AnssiH 9 hours ago | parent | next [-]

No, it is not true, just a common myth.

In the seller documentation they say they can track the source of commingled inventory - they achieve this by never putting them on the same physical shelf location.

Also mentioned by Amazon spokesman in e.g. this article: https://archive.is/ra6RT

> Amazon can also track the original seller of each unit

0manrho 4 hours ago | parent [-]

A fair point and important distinction, but so is the difference between "we CAN" and "we WILL/DO". That "myth" didn't come out of thin air. It's a result of of amazon not doing that unless they felt it financially prudent to do so/until enough people bitched about it.

The OP article is exhibit A for how common of an issue this was.

mcherm 11 hours ago | parent | prev | next [-]

We know that they would not provide such tracking for those conducting fraud investigations. You can believe they intentionally didn't track the source or that they intentionally refused to share the information to root out fraud; either one is a very bad look for Amazon.

I'm glad to see this change.

hnlmorg 10 hours ago | parent | prev [-]

That’s a worse situation then because Amazon would then be intentionally withholding data in counterfeiting investigations.

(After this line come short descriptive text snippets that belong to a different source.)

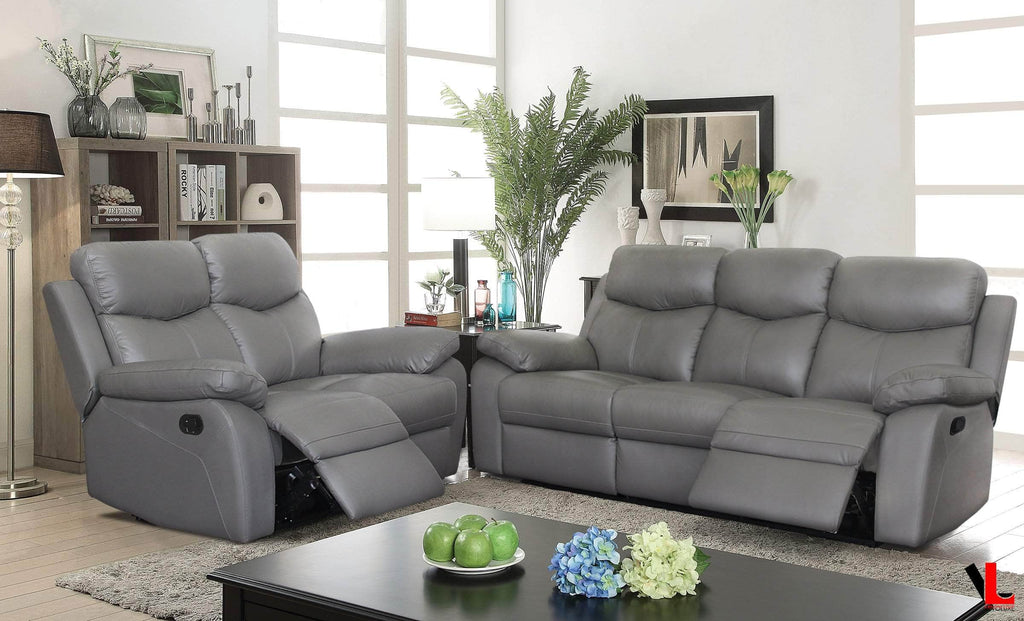 Aveon 2 Piece Pillow Top Arm Reclining Sofa and Loveseat Set in Leather Match - Available in 2 Colours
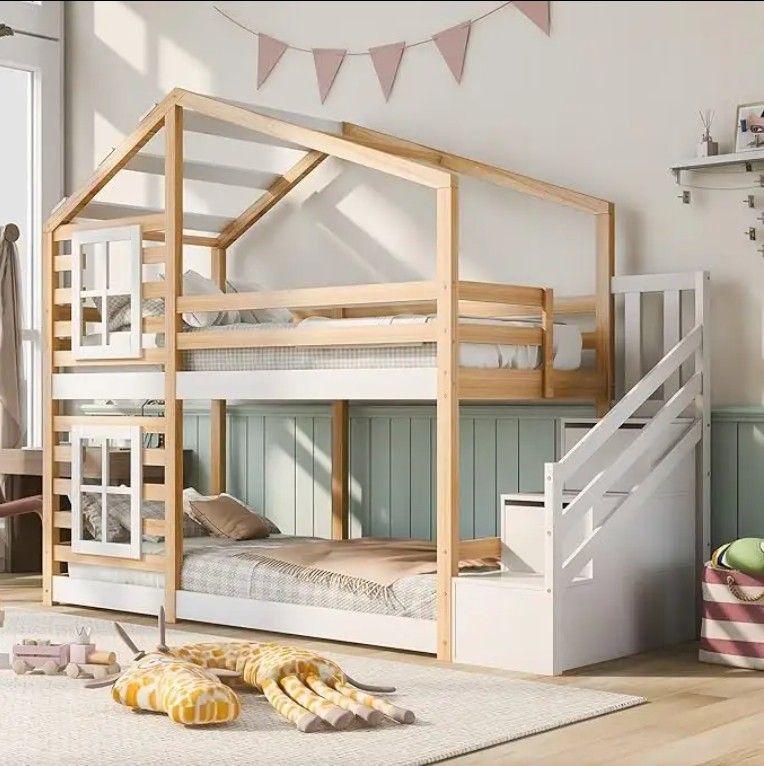 Children's Storage House Bed Window Loft Bed with Fall Protection Slatted Base Floor Bed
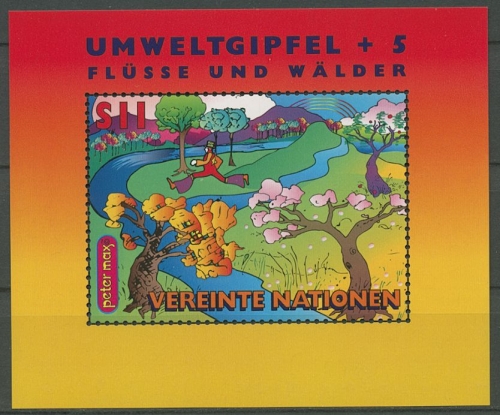 UNO Wien 1997 Umweltgipfel Flüsse u. Wälder Block 8 postfrisch (C14135)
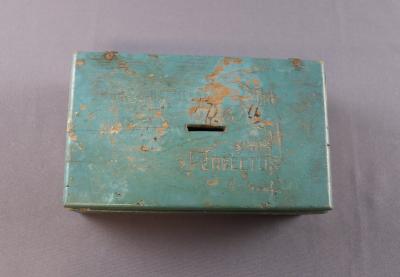 BOX - AQUA WOOD WITH COIN SLOT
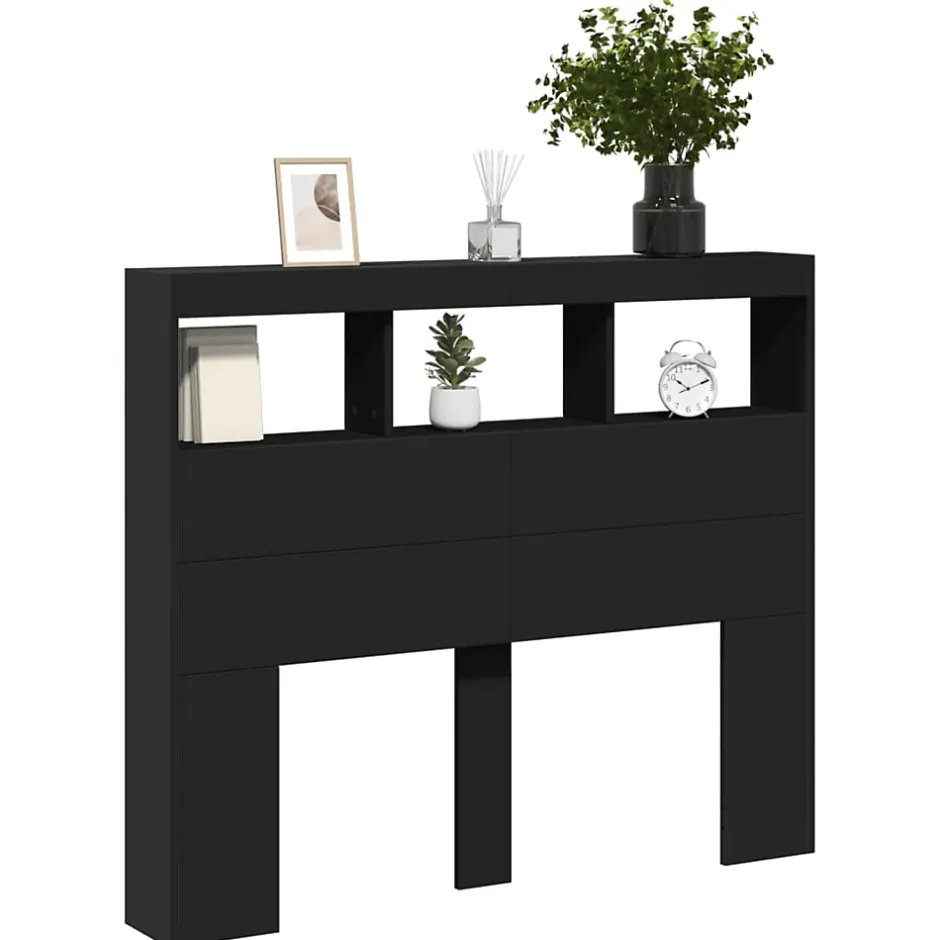 Vidaxl Armoire tête de lit avec LED noir 120x17x102 cm Hot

kotaKat 8 hours ago | parent [-]

It wouldn't surprise me. Amazon knows where every item is in its FC and knows the motions of every item's placement, from the grand scheme of things.

It's not that hard to then track back from an order exactly what bin or tote or shelf the item was pulled from, then look at what shipment(s) that bin's items came from to figure out what supplier it came from.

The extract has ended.